LEMBRANÇAS
 
José sempre gostou de ler. Às vezes eu acho que quando ele nasceu já sabia ler. Ele aprendeu a ler muito antes de aprender a escrever. Na verdade ele tinha uma vontade imensurável de aprender a ler. A leitura era para ele a coisa mais linda e mais útil que uma pessoa pode praticar na vida e ele continua achando, apesar do pouco tempo que ele dispõe hoje para tal.

Tudo começou quando ele tinha apenas oito anos de idade. Certo dia, numa daquelas manhãs ensolaradas, seu tio lhe pegou falando sozinho no quintal de sua casa. Naquele momento, segundo o tio dele, José estava fazendo pequenos cálculos matemáticos, atitude aquela que chamou a sua atenção. Deveria estar calculando com quantos paus se faz uma cangalha (armação de madeira que sustenta e equilibra a carga no lombo do burro, cavalo ou jumento).
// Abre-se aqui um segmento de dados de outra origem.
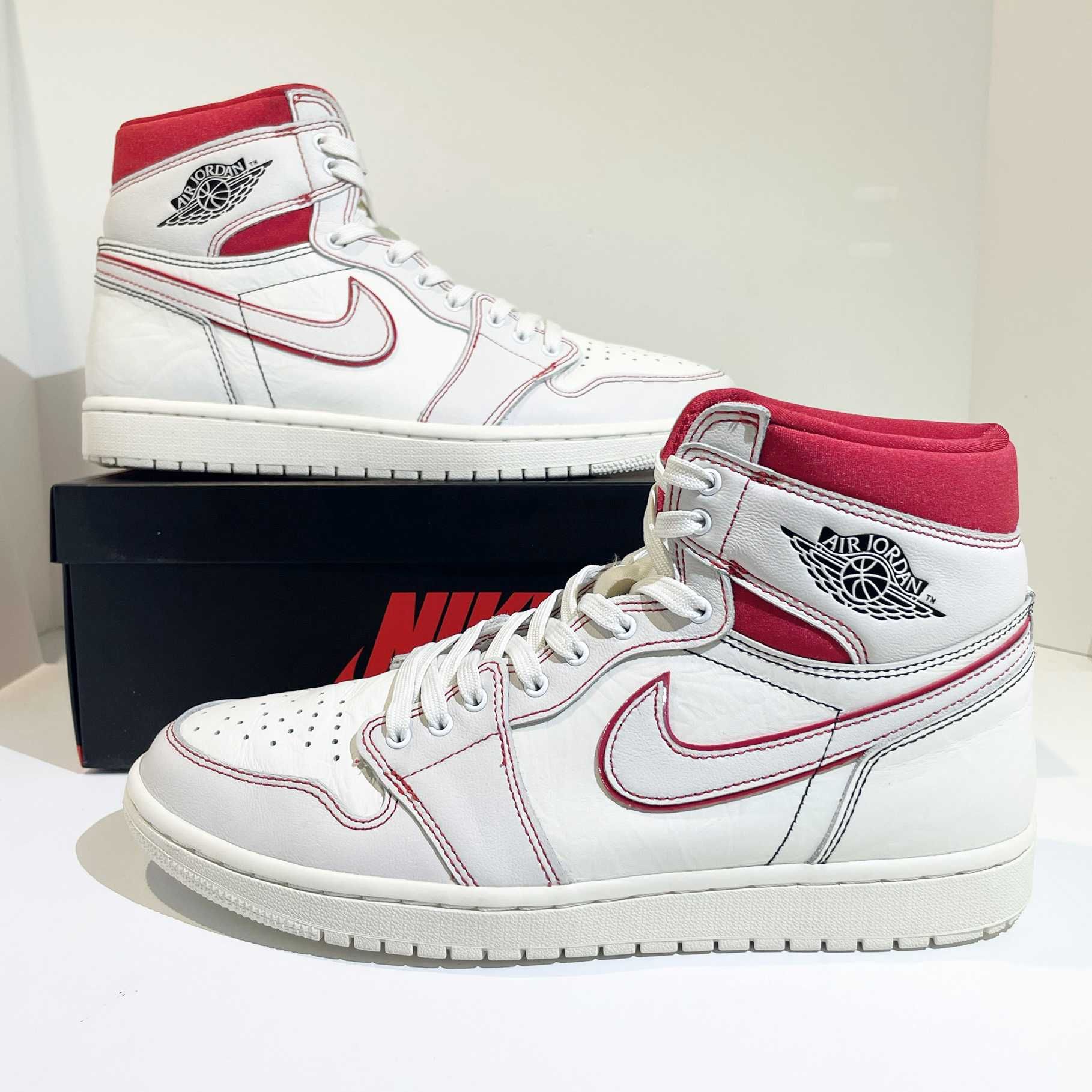 Nike Air Jordan 1 Retro High OG "Sail/University Red"     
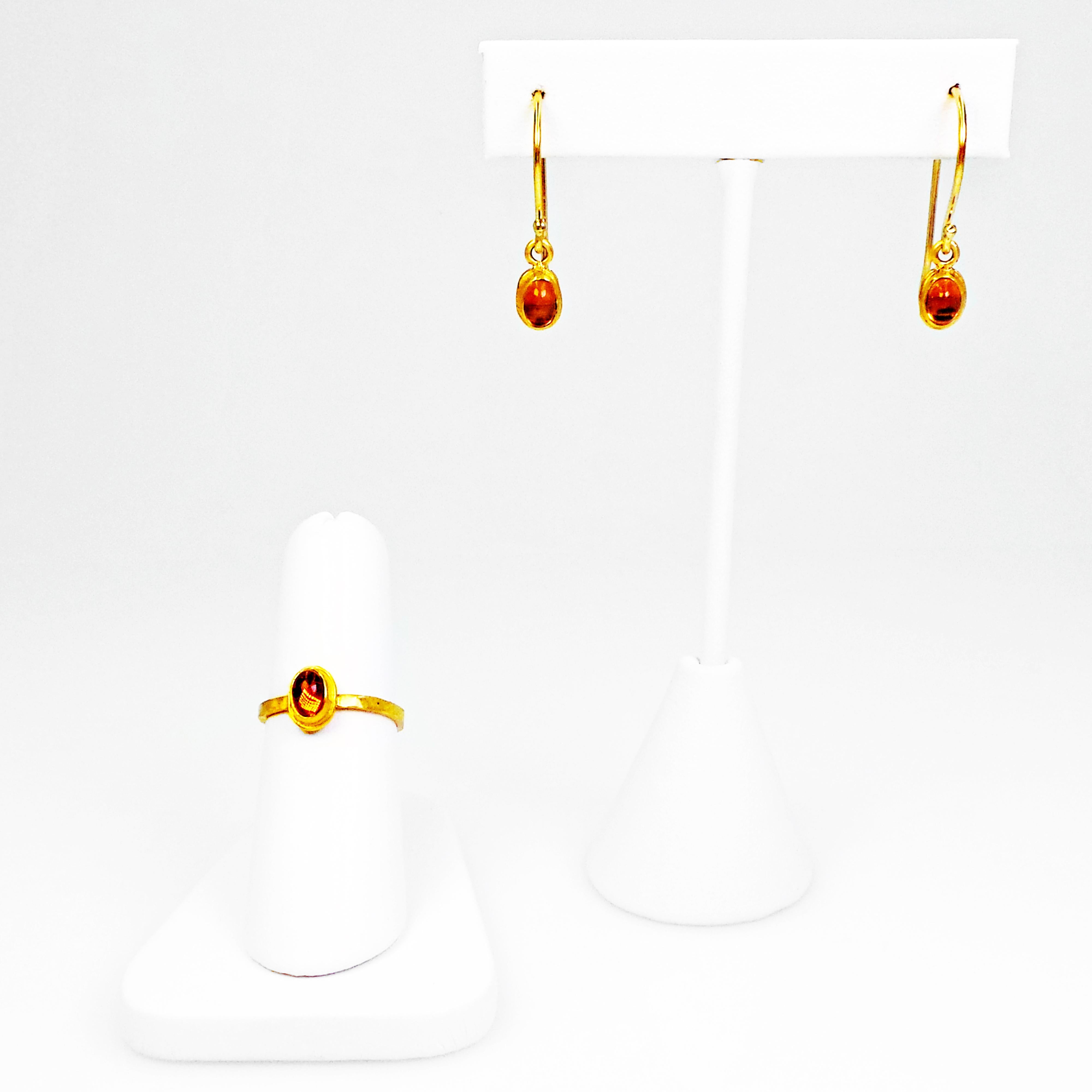 Spessartine Garnet 22 Karat Gold Ring and Dangle Earrings Set For Sale 5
José morava na zona rural e ainda não estava freqüentando uma escola. Sua irmã mais velha já freqüentava as aulas de uma das escolas de reforço existentes na região. Eram escolas particulares, conduzidas por pessoas leigas que as mantinham em funcionamento como forma de ganhar alguns "trocados". A irmã dele estava radiante por estar freqüentando as aulas da professora Mariazinha. A professora era uma jovem alta, um pouco magra, de semblante carrancudo, tinha olhos graúdos e era um tanto quanto severa.

José não conheceu os seus pais de sangue. O seu tio, apesar de semi alfabetizado, fazia um esforço descomunal para dar uma assistência e/ou resolução nas atividades escolares que a irmã dele teria que fazer na casa dela. Ela estava cursando as primeiras letras e as aulas eram tiradas de um livro chamado "Cartilha do Povo". As atividades escolares eram poucas, mas elas tinham de ser feitas regularmente, caso contrário ela teria que prestar conta para a professora Mariazinha, aquela professora enérgica mencionada acima. José já acompanhava de ouvido, aqueles ensinamentos que poucos meses depois viriam a ser muito úteis para ele.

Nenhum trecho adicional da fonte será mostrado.